Zgodzić się również należy ze stanowiskiem Sądu pierwszej instancji, iż kolejną okolicznością wskazującą no to, iż kwestionowane postanowienie umowne kształtuje prawa i obowiązki powoda w sposób sprzeczny z dobrymi obyczajami, jest to, iż umowa ta nie przewiduje możliwości dochodzenia przez powoda zwrotu niewykorzystanej składki. Jeżeli zatem umowa kredytowa nie zawiera postanowienia w tym przedmiocie, a nadto powód, jako podmiot nie będący stroną przedmiotowej umowy, nie może żądać zwrotu niewykorzystanej składki na zasadach ogólnych, tj. na podstawie art. 813 § 1 k.c., oznacza to, iż uprawnienie takie mu w istocie nie przysługuje.
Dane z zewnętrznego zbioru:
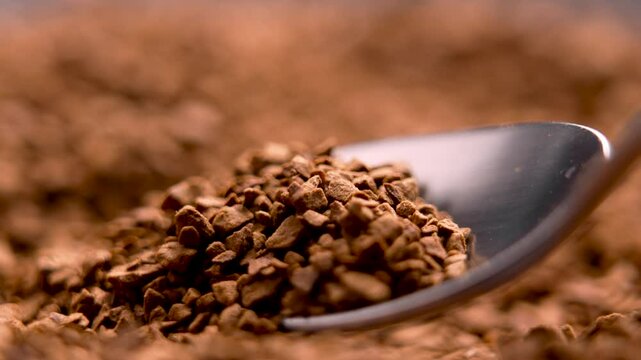 Granulated instant coffee on metallic spoon with blurred background of roasted granules. Strong aroma drink ingredient. Macro shot.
Mając na uwadze powyższe, a w szczególności fakt, iż w sprawie niniejszej zostały wykazane wszystkie przesłanki uznania kwestionowanego postanowienia umowy kredytowej za klauzulę abuzywną, należy stwierdzić, iż Sąd Rejonowy słusznie przyjął, że postanowienia umowy zawarte w jej §3 ust. 4 nie wiążą powodów. Tym samym zarzuty naruszenia przez Sąd pierwszej instancji przepisów art. 385 1 § 1 i 385 2 k.c. oraz art. 22 1 k.c. należało uznać za nieuzasadnione.

Na marginesie jedynie wypada zauważyć, iż nawet gdyby przyjąć, że z racji wagi tegoż postanowienia dla interesów konsumenta, zaliczyć je należy do świadczeń głównych umowy kredytowej, to i tak okoliczność ta pozostaje bez znaczenia dla możliwości oceny tegoż postanowienia w kontekście art. 385 1 § 1 i § 2 k.c., bowiem, jak już wyżej wskazano, postanowienie to zostało sformułowane w sposób niejednoznaczny, a tym samym zasadne jest jego badanie pod kątem abuzywności.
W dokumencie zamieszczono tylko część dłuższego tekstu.